* MATERIAL PROVIDED
* * *

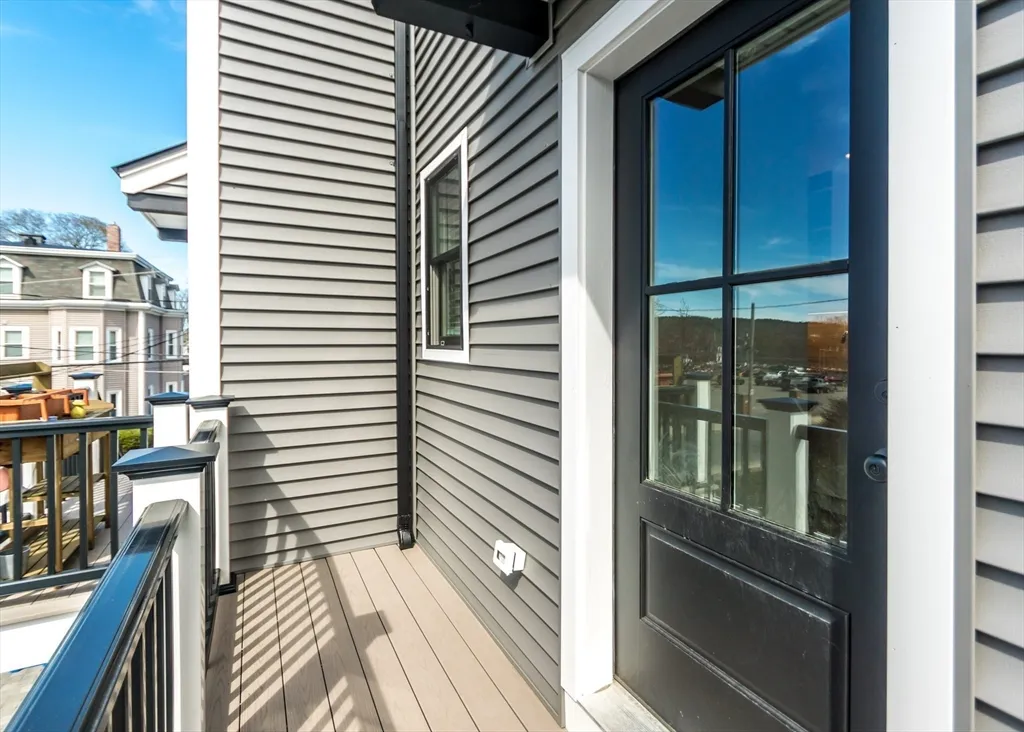 29 Cherry St, Waltham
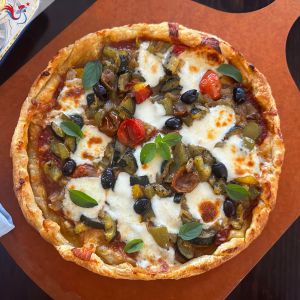 Recette Pizza Veggie Rapide (avec pate feuilletée) de Jamie Oliver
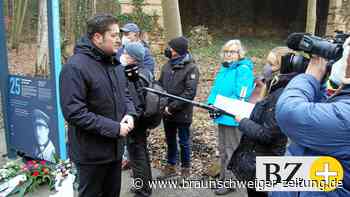 OB Kornblum weiht nach Brandanschlag neue Info-Stele ein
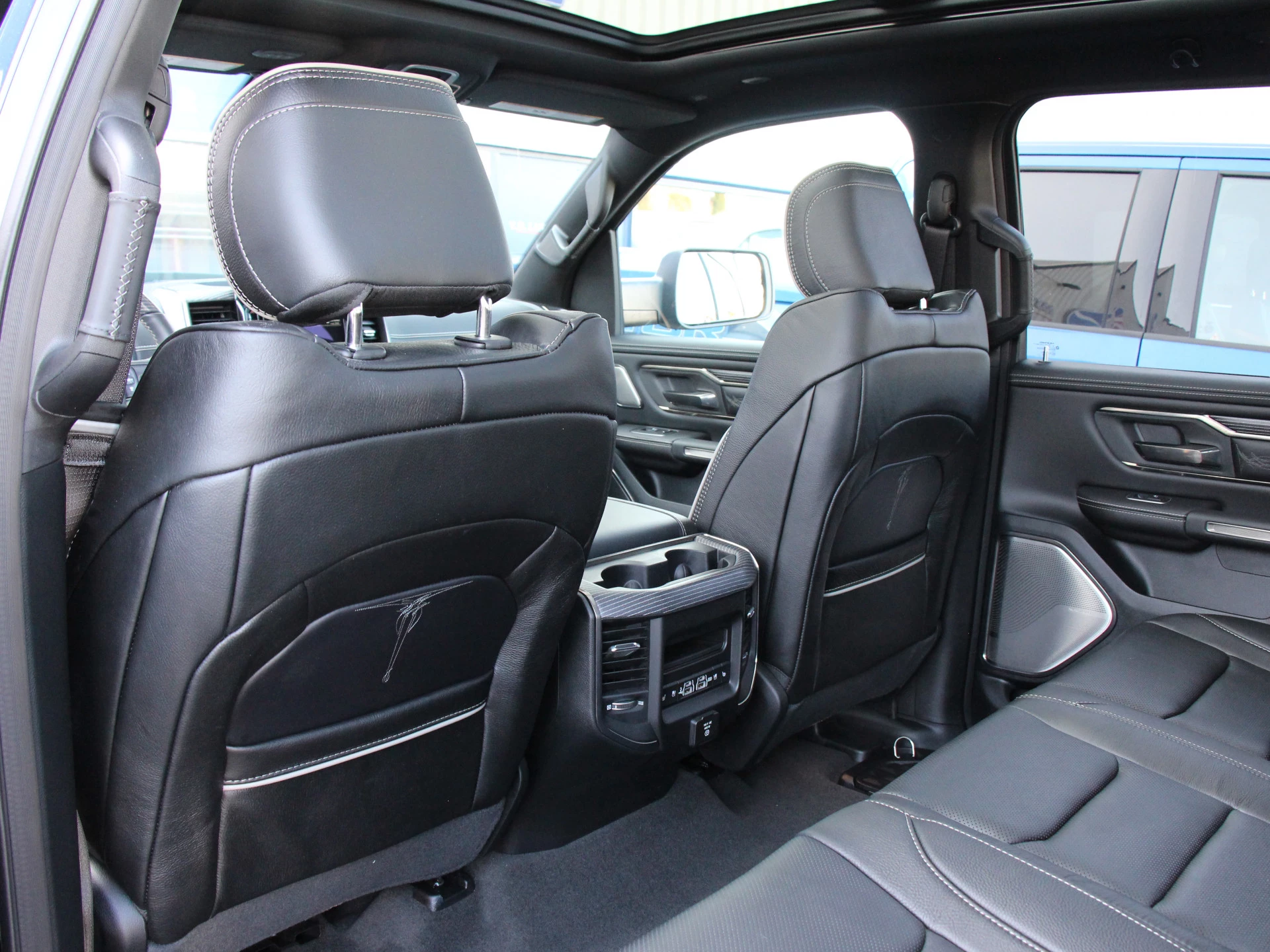Dodge Ram 1500 2024 - Limited Night Edition obrázek 12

* * *

* TASK STATEMENT
What's needed is every line above, retyped exactly and free of pictures.

* RESPONSE TO THE EXERCISE
 29 Cherry St, Waltham
 Recette Pizza Veggie Rapide (avec pate feuilletée) de Jamie Oliver
 OB Kornblum weiht nach Brandanschlag neue Info-Stele ein
Dodge Ram 1500 2024 - Limited Night Edition obrázek 12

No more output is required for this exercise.